Беда не в том, что у Штрауса не хватило дарования. Он думал о публике, об успехе, а уже тогда можно было претендовать на успех только сдерживая свои же собственные творческие силы. Не только финальный дуэт – уступка, но и весь "Кавалер роз" – капитуляция; не случайно в переписке, которая предшествовала этой отличной commoedia per musica, встречается имя Легара. Штраус вряд ли обманывался на тот счет, что самые значительные его сценические произведения – "Саломея" и "Электра" – не были безоговорочно приняты публикой. Из этого он не сделал вывода – quand meme [56], а пошел на уступки.
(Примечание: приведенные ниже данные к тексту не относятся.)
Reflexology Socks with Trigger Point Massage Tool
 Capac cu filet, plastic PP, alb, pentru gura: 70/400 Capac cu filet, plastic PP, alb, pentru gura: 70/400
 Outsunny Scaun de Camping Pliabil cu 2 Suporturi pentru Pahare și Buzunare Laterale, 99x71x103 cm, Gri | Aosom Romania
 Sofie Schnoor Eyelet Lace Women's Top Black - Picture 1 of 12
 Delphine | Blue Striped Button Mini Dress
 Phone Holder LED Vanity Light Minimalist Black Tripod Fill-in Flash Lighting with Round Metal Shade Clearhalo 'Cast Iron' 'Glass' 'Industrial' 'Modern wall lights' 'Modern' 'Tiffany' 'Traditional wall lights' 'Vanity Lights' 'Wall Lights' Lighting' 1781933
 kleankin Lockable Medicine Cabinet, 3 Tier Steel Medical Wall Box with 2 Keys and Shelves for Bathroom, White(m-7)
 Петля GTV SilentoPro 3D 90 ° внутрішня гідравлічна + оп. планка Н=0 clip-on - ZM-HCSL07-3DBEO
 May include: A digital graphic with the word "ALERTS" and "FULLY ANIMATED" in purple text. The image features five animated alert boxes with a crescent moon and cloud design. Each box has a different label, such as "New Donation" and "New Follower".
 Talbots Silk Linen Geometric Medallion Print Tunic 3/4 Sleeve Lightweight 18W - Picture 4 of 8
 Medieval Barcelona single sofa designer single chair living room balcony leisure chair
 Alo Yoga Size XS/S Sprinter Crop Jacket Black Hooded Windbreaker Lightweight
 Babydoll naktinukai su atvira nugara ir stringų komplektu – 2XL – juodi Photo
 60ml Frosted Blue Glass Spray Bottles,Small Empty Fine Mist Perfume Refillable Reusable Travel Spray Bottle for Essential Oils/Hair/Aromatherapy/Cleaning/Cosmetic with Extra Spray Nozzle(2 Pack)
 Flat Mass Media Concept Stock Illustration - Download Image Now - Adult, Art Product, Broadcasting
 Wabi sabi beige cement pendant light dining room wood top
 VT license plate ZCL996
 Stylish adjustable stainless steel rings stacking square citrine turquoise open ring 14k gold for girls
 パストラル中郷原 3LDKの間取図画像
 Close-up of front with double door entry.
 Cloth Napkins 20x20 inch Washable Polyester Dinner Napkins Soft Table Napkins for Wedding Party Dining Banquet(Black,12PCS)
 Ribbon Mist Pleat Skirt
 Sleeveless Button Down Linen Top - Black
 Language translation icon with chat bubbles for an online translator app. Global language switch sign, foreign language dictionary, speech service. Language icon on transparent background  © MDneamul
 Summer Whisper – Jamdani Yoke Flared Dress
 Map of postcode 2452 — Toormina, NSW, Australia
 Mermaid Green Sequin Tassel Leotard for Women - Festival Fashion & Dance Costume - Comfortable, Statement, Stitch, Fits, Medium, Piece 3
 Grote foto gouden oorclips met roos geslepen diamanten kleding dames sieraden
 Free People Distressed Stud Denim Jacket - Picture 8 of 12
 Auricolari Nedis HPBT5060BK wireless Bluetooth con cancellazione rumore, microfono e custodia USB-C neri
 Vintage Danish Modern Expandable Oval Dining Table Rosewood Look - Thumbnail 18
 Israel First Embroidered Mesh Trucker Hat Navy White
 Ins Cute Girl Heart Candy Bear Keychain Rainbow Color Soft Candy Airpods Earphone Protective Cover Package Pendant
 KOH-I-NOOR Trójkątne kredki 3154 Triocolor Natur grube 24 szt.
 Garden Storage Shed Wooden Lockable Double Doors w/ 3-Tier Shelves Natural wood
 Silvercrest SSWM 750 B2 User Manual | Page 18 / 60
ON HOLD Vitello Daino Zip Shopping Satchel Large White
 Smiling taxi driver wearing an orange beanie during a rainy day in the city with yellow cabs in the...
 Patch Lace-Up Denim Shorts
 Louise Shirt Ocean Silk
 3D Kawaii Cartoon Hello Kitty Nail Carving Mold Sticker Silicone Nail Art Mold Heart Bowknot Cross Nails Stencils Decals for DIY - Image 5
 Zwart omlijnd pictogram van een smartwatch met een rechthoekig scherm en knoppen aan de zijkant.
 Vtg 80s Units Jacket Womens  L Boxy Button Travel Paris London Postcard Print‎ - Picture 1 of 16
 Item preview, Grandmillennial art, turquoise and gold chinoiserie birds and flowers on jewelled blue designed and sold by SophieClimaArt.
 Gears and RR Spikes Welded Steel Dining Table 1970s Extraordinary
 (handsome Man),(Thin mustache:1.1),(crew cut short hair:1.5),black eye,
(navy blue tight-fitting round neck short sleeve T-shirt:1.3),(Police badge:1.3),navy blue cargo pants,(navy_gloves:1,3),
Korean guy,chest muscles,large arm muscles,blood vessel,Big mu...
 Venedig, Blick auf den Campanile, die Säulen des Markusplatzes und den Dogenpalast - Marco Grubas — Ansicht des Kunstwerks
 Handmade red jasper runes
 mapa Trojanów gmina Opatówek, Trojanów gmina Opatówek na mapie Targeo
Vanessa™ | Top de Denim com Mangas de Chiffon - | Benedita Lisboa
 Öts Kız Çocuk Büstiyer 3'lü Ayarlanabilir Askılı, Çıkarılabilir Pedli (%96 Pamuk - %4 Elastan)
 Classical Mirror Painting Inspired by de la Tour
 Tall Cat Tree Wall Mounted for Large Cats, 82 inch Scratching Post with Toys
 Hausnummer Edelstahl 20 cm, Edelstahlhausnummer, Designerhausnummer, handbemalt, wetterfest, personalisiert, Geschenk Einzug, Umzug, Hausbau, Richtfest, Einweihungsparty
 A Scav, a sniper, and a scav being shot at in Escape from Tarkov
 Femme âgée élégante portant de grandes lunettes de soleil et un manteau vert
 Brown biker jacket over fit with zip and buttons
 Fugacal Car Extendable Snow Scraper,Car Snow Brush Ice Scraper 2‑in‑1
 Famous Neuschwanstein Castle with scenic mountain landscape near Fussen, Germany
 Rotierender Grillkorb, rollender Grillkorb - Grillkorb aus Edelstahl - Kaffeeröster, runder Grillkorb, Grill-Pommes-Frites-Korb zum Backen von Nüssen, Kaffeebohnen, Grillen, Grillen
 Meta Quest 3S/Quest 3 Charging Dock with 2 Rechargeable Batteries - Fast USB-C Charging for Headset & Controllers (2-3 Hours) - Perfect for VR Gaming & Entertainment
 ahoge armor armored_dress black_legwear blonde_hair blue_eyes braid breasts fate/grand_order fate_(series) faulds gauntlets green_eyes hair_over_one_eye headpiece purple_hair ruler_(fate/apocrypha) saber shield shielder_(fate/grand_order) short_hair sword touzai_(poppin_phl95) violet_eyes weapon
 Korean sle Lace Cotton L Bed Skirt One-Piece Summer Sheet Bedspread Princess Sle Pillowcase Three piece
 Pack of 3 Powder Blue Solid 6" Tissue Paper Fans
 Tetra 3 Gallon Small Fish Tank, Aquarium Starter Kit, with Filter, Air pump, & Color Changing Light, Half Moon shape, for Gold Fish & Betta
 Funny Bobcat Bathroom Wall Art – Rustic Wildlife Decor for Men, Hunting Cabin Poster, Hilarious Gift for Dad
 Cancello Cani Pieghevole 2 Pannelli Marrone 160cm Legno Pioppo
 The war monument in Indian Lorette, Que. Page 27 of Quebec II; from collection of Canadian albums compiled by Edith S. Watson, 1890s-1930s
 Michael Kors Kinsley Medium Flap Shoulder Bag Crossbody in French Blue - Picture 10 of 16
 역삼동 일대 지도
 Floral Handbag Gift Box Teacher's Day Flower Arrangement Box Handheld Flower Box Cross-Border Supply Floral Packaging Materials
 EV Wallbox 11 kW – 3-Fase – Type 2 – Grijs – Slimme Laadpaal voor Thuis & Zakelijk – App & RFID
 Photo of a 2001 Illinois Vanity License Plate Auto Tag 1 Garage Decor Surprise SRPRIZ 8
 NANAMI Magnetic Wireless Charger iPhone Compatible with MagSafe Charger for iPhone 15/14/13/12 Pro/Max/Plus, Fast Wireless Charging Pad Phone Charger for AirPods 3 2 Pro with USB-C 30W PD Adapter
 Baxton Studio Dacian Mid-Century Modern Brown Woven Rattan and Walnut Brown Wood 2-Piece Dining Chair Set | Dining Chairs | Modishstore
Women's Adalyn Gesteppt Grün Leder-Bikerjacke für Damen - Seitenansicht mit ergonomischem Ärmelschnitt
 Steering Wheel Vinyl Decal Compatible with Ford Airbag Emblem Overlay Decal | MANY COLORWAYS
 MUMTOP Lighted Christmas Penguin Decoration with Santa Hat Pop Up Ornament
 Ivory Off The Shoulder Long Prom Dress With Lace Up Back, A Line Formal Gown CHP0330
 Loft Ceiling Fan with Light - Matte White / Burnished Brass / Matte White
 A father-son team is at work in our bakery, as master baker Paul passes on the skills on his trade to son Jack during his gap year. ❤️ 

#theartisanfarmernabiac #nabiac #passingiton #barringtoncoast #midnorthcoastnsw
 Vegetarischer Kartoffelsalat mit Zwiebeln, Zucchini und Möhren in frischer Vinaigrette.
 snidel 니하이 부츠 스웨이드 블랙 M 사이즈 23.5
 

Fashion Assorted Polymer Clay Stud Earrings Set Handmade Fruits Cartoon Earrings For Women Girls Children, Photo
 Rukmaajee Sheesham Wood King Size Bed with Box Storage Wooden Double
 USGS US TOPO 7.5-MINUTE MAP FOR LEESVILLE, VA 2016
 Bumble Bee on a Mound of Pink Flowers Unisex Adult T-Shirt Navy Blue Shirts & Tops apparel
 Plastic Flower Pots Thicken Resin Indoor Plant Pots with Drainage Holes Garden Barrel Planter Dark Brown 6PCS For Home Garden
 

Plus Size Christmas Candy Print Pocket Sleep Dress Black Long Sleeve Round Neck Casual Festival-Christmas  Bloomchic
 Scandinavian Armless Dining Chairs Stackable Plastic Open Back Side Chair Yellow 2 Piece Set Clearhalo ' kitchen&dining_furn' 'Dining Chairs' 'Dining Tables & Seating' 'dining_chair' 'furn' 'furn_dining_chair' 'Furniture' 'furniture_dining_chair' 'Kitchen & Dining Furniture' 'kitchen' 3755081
Что бы ни ставить в вину его соглашательской позиции – позиции, которую в течение ряда лет разоблачало его собственное дарование: его решение – ведь именно о решении, ни о чем другом здесь идет речь – изнутри побуждалось представлением об абсурдности оперы без публики. Ибо уже сами перипетии развития оперного действия необходимо полагают нечто вроде эмоциональных переживаний массы слушателей. И потому все, что еще писал Штраус для театра после "Ариадны" и что молчаливо подчинялось тайному акту о капитуляции, стояло под знаком необходимости, соблюдая приличия, копировать единственный и последний миг успеха. Так Штраус превратился в камень, как император в "Женщине без тени". Но и приспособившись к публике, он как раз и заплатил за это полной утратой ее благорасположения. Ведь музыкальные ленты, старательно аккомпанировавшие действию, не могли все же по доступности конкурировать с лентами звуковых фильмов, которые они так часто невольно начинают напоминать.